Salí esa tarde triste. Y contento. Quizás más lleno de melancolía que de alegría en sí o de tristeza. Fui testigo de aquellos momentos que verdaderamente nutren al hombre en su poesía, lejos del canon literario o del reconocimiento de la obra, que en ese entonces aún no llegaba del todo a Max Rojas, presencié algo misterioso que hasta ahora, años después, se me revela con verdadera luz: la poesía es y estará siempre en todos lados, menos donde pretenden meterla, acomodarla, justificarla.
6 y última
De alacranes, viento y espera
Miro por una ventana de las muchas que tiene la Biblioteca Vasconcelos. Espero sin ninguna ilusión la aparición de un rostro conocido que traiga luz a este día nuevo y nublado; sin embargo, pese a la desesperanza, miro por la ventana, atento, y espero algo, a alguien. ¿Qué hace en estos momentos Max Rojas? Seguro está fumando. Quizá tomando café o escribiendo. Pienso en las antologías y en los antólogos, abro una que tengo a la mano y cito:
[…] la presente es una antología de divulgación, y en ese término, deseo centrar el argumento de su necesidad. A diferencia de las antologías académicas o de crestomatías de grupos, sectas y cofradías, estas páginas se proponen entregar a los lectores —en medio millar de poemas— algunos de los momentos más significativos de la poesía mexicana a lo largo de los dos últimos siglos.*
Hay dos cosas seguras que podemos sacar de estas palabras: la primera es que efectivamente hay un mal que todo antólogo sabe y que tiene como primera premisa atacar, al menos en apariencia o como labor principal de su objetividad y seriedad, y esto es el asunto que involucra a los grupos literarios, a las mafias y a las visiones académicas o de grupos de poder literario que dictan o que ayudan a construir lo que debe ser considerado como poesía y lo que no, y que se manifiesta o cobra presencia muchas veces en la antología misma —curioso, ¿no?—. Y dos: hay momentos brillantes en la historia de nuestras letras…
Lo significativo de esto es lo siguiente: sin importar la causa o razón, una antología siempre revelará más de lo que incluye en sus entrañas.
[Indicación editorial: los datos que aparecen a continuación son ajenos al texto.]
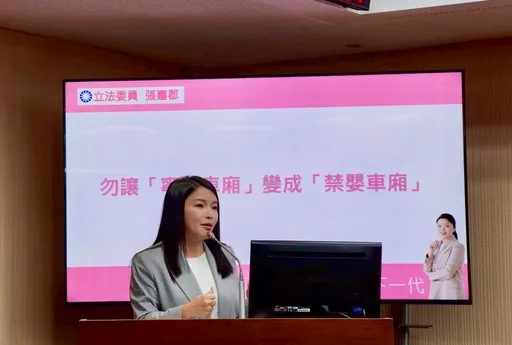 高鐵寧靜車廂變「禁嬰車廂」 張嘉郡呼籲:規劃親子友善車廂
Las ausencias serán estrellas negras en las páginas, universos inevitables que pronto aparecerán en la escena y reclamarán su lugar. Entonces, ¿habrá que agradecer al antólogo? ¿Su acto de concretar un panorama o una muestra es, pues, una manera de sacrificio en pos de una revelación? Pienso esto mientras observo por la ventana, una de las muchas que hay en esta biblioteca —ya lo escribí—. Miro el reloj del ordenador y el tiempo transcurre de prisa y sin perdonar un segundo. Nadie llegó, al menos nadie que yo esperara. Un alacrán oscuro pelea con el viento del otro lado del cristal, del espejo. Hace frío, infiero que el animal de oscura perla también lo siente, pese a que lucha contra el viento. Pienso en la noche fría de la muerte de Rogelio Treviño, pienso en los días, más de treinta, de la morgue, en su familia, en su amada. El panorama de las letras no es distinto, a veces salen cadáveres de la morgue a construir la página que faltaba en el libro de la Historia o a veces hay una congeladora esperando a más de uno de ellos. Pienso en esto, en el viento, en las antologías, en los poetas muertos y en los que no dicen nada estando vivos, y espero sin ilusión un rostro que venga a iluminarme este día nublado. Hace frío. Por eso miro por la ventana. Por eso a veces, muchas, lucho contra el viento, como aquel animal de oscura perla.